Ho provato a lavorare con un editor professionista, ma non mi sono trovato bene. Da sceneggiatore sono abituato a confrontarmi con i miei colleghi e a buttare continuamente idee sul tavolo, anche a stravolgere le cose velocemente. Mentre questo editor aveva un altro ritmo di lavoro, era abituato a far maturare le idee lentamente e quindi ho interrotto la collaborazione con lui. Poi, completato il manoscritto, ho iniziato a cercare una casa editrice, partendo naturalmente dalle più importanti, e mi sono trovato davanti a una dinamica molto simile a quella tra sceneggiatore e (certi) produttori: è difficile trovare il referente giusto per il proprio lavoro e ancora più difficile farsi leggere. Le case editrici in generale non leggono opere di esordienti e spesso non rispondono neanche alle mail per dirti che hanno ricevuto il materiale. Io ho avuto molte difficoltà a conoscere, anche dopo mesi dall’invio, un’opinione sul mio lavoro. Poi per fortuna ho incontrato questa piccola ed agguerrita casa editrice, L’Erudita, che è una costola di un editore romano conosciuto, Giulio Perrone. Loro hanno letto, gli è piaciuto e nel giro di poco più di un mese ho pubblicato.
Ci dai un anteprima sui tuoi progetti futuri?

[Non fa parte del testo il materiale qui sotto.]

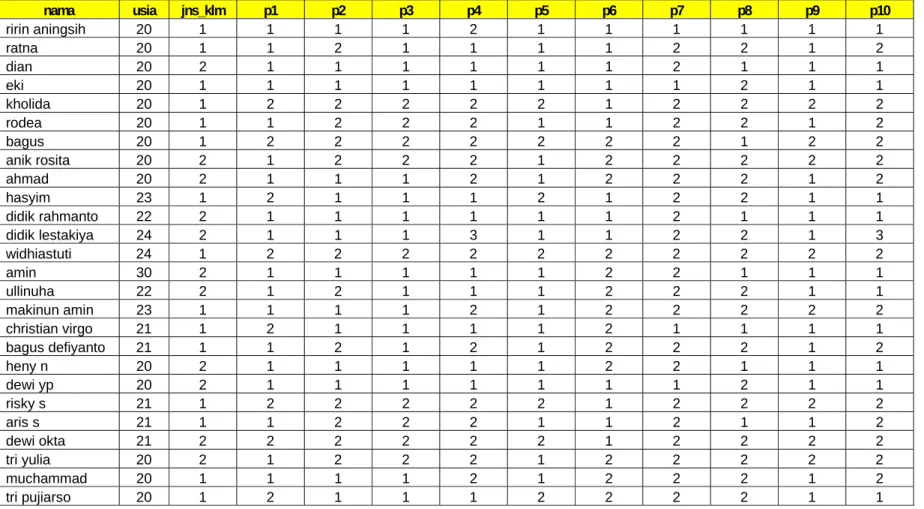 Tabel 3.6. Post Test Untuk Mahasiswa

C’è un progetto seriale di cui per ora non voglio dire nulla, per scaramanzia. Poi sto lavorando al montaggio di un documentario che ho scritto con Maria Teresa Venditti e diretto, si intitola Essere Divina e racconta di una scuola per Drag Queen che c’è a Milano, un posto meraviglioso, dove si può sperimentare una libertà espressiva che fuori quasi mai ci è concessa. È un progetto autofinanziato che adesso cerchiamo di portare a termine con una campagna di crowdfunding.

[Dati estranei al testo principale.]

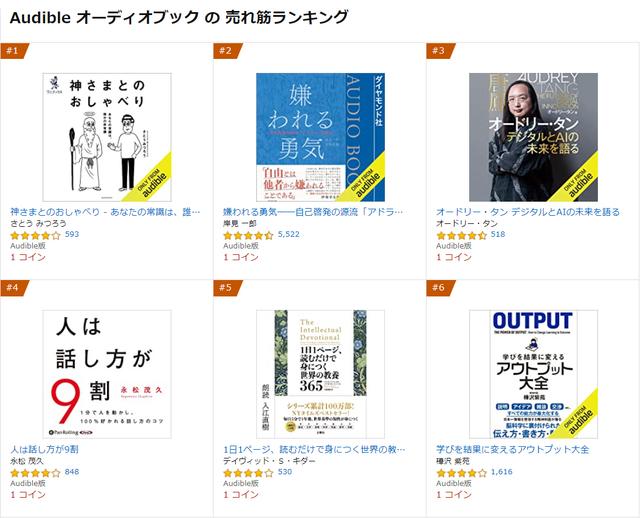 210425_audible_01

Un ultima domanda: come ti senti come membro della WGI?
Benissimo! Proprio ultimamente, all’interno del workshop con James Hart ho percepito l’importanza dell’Associazione. Negli ultimi mesi ho visto una crescita esponenziale delle attività e anche della partecipazione. E voglio davvero ringraziare i colleghi che mettono a disposizione tempo e fatica per far circolare notizie su festival, concorsi e altre informazioni che prima erano demandate solo all’iniziativa personale. È molto bello vedere gente che si vuole confrontare senza la paura che il confronto significhi perdere qualcosa, ma anzi convinti che un interscambio fra colleghi sia vantaggioso per tutti. Sono davvero contento e ammirato del lavoro della Guild, si è creato qualcosa di importante per tutta la categoria, una categoria che prima non credeva neanche alla capacità di aggregazione e condivideva solo un momento di crisi del settore. Adesso invece c’è una condivisione di iniziative positive, si condivide la parte positiva di questo mestiere e sento una bella energia. A me è venuta più voglia di partecipare e condividere con i colleghi le cose che faccio.